In 2015, Winkler published another book of plays, The Lowest Form of Writing Her play Double Suicide At Ueno Park was produced by Ensemble Studio Theater. Her blog post about a yellowface production of The Mikado started a protest and led to further controversy.

In 2016, Winkler's play Kentucky was on the Kilroys list and had its world premiere at the Ensemble Studio Theatre as a co-production with the Radio Drama Network and Page 73 Productions in New York. The play garnered favorable reviews and the Times called her a "Distinctive New Voice"

The West Coast premiere was at East West Players in Los Angeles in the fall.

In spring 2017, she was selected by the Sundance institute as a Sundance/Ucross Fellow. Winkler was then named the 2017–2019 Jerome New York Fellow at the Lark. after being awarded the first-ever Mark O'Donnell Prize from the Actors Fund and Playwrights Horizons. She also became one of Audible's first ever recipients of the Emerging Playwrights Fund to write an audio play.
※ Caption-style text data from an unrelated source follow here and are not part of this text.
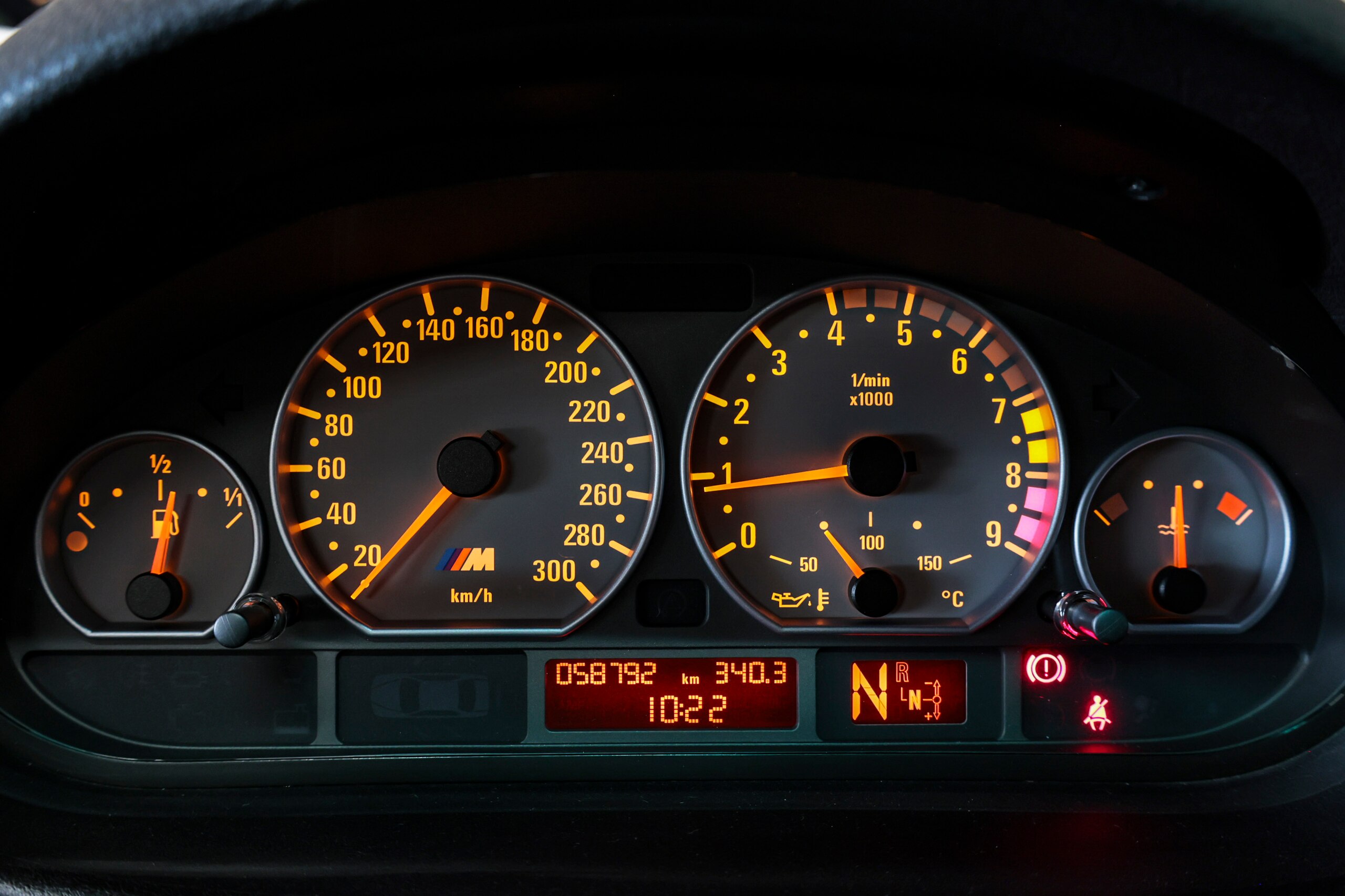 BMW M3 CSL (photo: 17)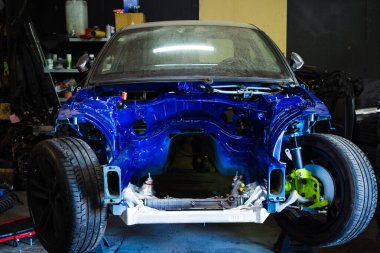 Drift Car Chassis Build - Özel Boyalı ve Sürüklenmiş Sürüklenme Projesi. Ham evrede sürüklenen araba geliştirilmiş süspansiyon, büyük lastikler ve temiz temizlik çalışmaları gösteriyor.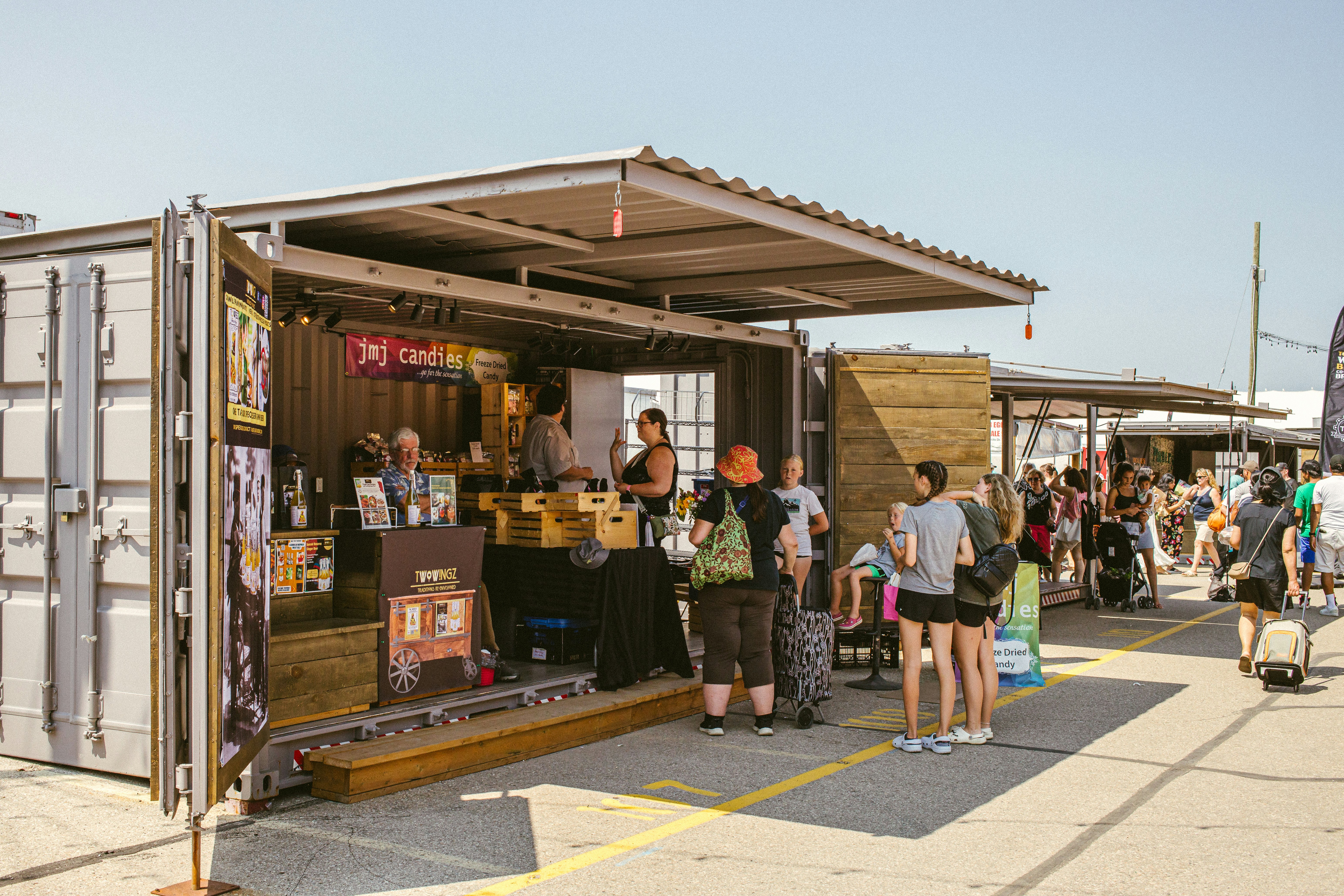 People gathered at an outdoor shipping container cafe. photo – Free ...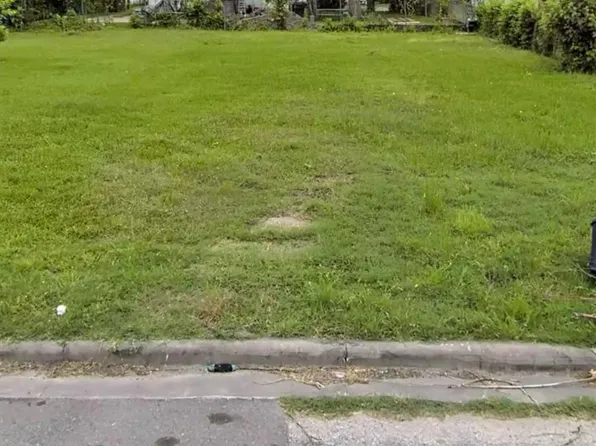 1313 E 34th St, Houston, TX 77022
Leah's play Two Mile Hollow had a rolling premiere at four theaters across the U.S., The First Floor Theater (Chicago), Mixed Blood Theatre/Theater Mu (Minneapolis), Ferocious Lotus (San Francisco), and Artists at Play (Los Angeles) to critical acclaim.
In 2018, her play God Said This was selected for the 42nd Humana Festival of New American Plays, in Louisville, Kentucky in February–April 2018. In March, 2018, God Said This was selected by Pulitzer Prize winning Ayad Akhtar from over 1600 plays from 50 countries to win the Yale Drama Series Prize. It premiered Off-Broadway in 2019 at Primary Stages. Also in 2019 she premiered her play Hot Asian Doctor Husband at Theater Mu and Mixed Blood and an audio play, Nevada-Tan exclusively on Audible.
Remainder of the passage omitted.